To support this transition, Mazda is refining its production technology, leveraging its existing mixed-flow manufacturing system to cut capital investment by 85% and reduce preparation time by 80%.
The company will also introduce Factory OTA (Over-the-Air) technology and automated guided vehicles (AGVs) to enhance flexibility in production and supply chain efficiency.

Mazda’s broader strategy rests on three pillars:
– Lean Asset Strategy: Optimising investments and cutting projected spending from 2 trillion yen to 1.5 trillion yen through collaborations with partners like Toyota, Denso, and Changan Automobile.
– Multi-Solution Strategy: Offering a mix of internal combustion engines, hybrids, and EVs to meet diverse customer and market needs.
– Monozukuri Innovation 2.0: Expanding model-based development to improve efficiency, speed, and flexibility in integrating combustion and electrified technologies.

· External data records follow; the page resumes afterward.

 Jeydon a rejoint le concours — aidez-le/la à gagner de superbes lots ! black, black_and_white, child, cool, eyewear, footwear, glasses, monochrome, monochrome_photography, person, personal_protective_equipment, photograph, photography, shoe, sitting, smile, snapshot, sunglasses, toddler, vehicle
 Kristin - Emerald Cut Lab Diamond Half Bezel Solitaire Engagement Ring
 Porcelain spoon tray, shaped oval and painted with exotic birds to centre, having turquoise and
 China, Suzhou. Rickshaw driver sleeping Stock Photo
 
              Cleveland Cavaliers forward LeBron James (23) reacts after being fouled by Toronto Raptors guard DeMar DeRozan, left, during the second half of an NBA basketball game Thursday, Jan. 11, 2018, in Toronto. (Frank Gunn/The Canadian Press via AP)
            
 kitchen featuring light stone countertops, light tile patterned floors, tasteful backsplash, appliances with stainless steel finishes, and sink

Mazda also revealed its next-generation SKYACTIV-Z engine, designed for small vehicles, which will comply with Euro 7 emissions standards while enhancing performance and fuel efficiency. It will debut in the 2027 Mazda CX-5, featuring an in-house hybrid system.

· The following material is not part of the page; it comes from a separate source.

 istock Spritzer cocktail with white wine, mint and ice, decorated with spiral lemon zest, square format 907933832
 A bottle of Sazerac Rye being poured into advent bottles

In related developments, Mazda is sticking to its 1.5 trillion yen (RM45 billion) investment plan through 2030, despite rising costs driven by inflation.

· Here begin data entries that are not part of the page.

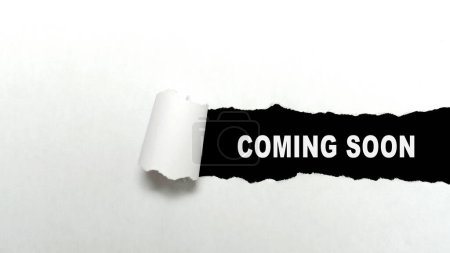 Papier déchiré avec texte "à venir bientôt" avec un fond noir. Nouveau concept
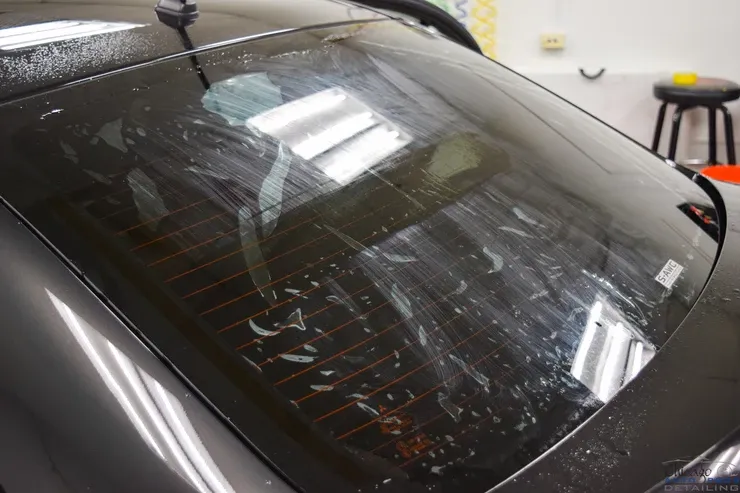 A car with a dirty windshield is sitting in a garage.
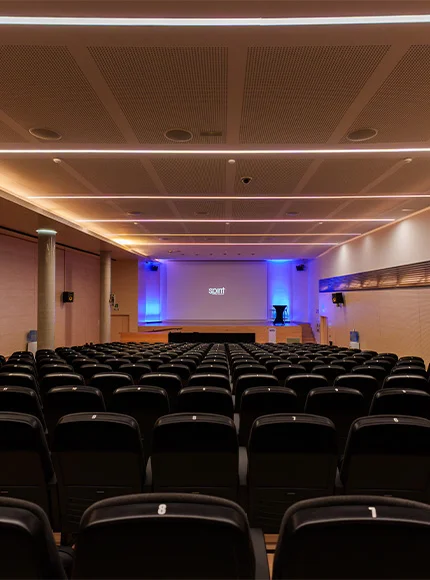 Auditorio vacío con filas de asientos, pantalla grande y luces azules en el frente.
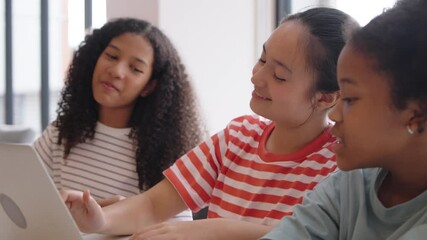 Smiling Three Diverse little girls learning together on a laptop in a classroom, showing joy, Multiethnic children with E-learning and online classroom in a relaxed educational.	 - Powered by Adobe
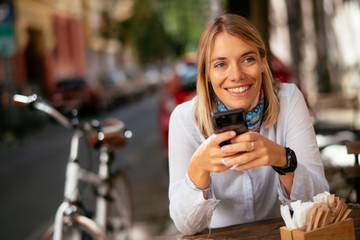 Young businesswoman using phone in cafe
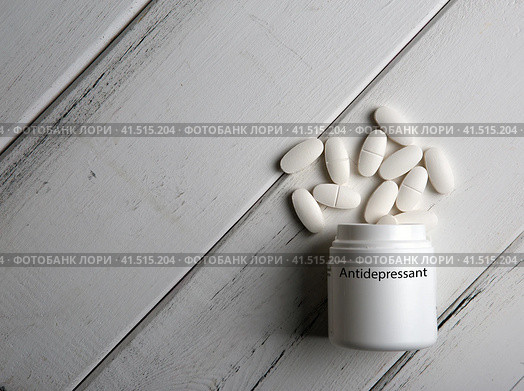 White pills with a jar with inscription antidepressant. Стоковое фото, фотограф Александр Калугин / Фотобанк Лори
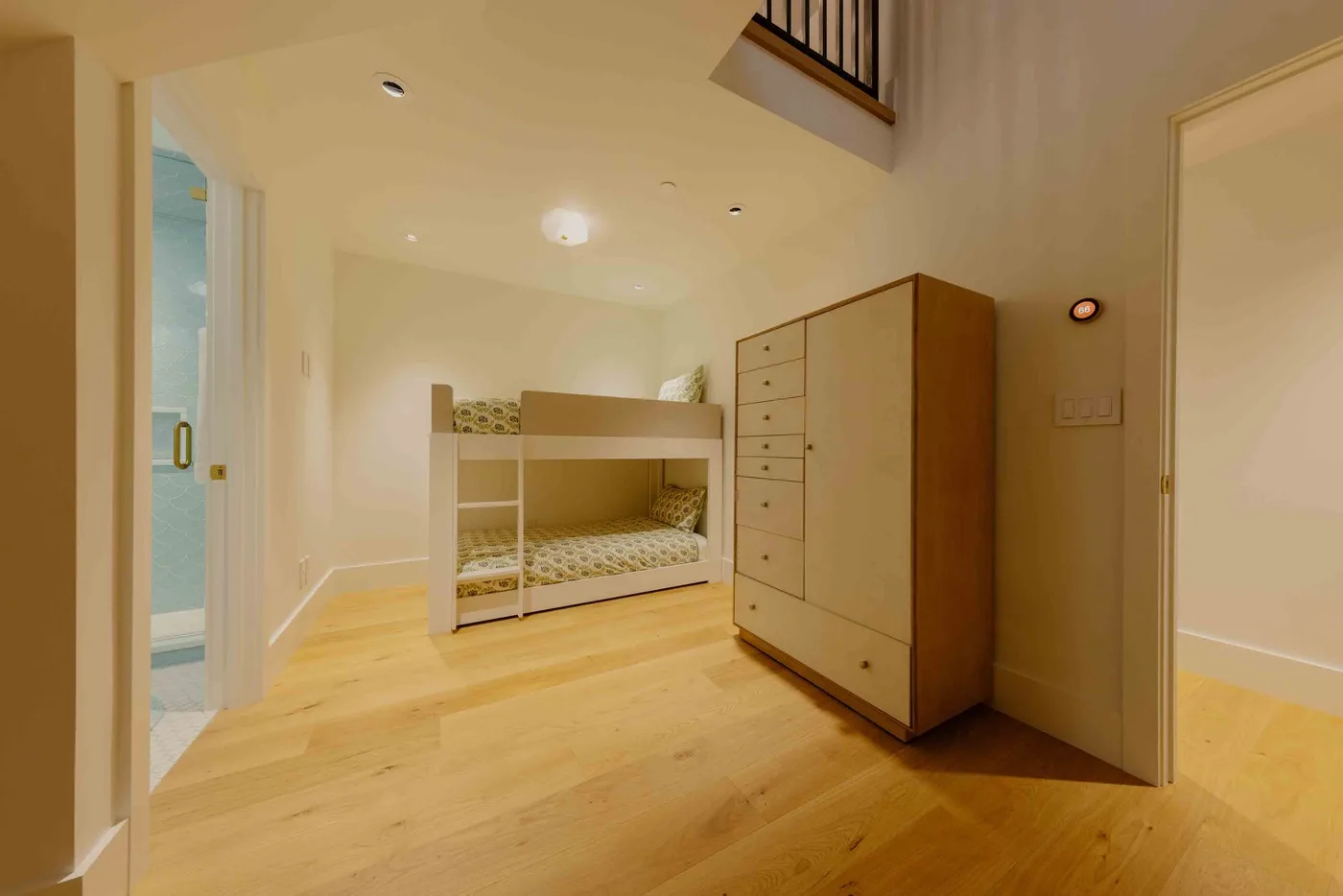 Un dormitorio luminoso con una litera de madera y una cómoda alta.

Without efficiency measures, the company estimates its investment needs could have climbed by a third to 2 trillion yen compared to its original forecast in November 2022.
To control expenses, Mazda will modify existing production lines to accommodate EV manufacturing, avoiding the high costs of building dedicated EV plants.
This move is expected to significantly cut capital spending and streamline production lead times.
CEO Masahiro Moro said strategic partnerships — including with Toyota, which holds a 5.1% stake in Mazda — will be key to staying competitive in the evolving automotive landscape.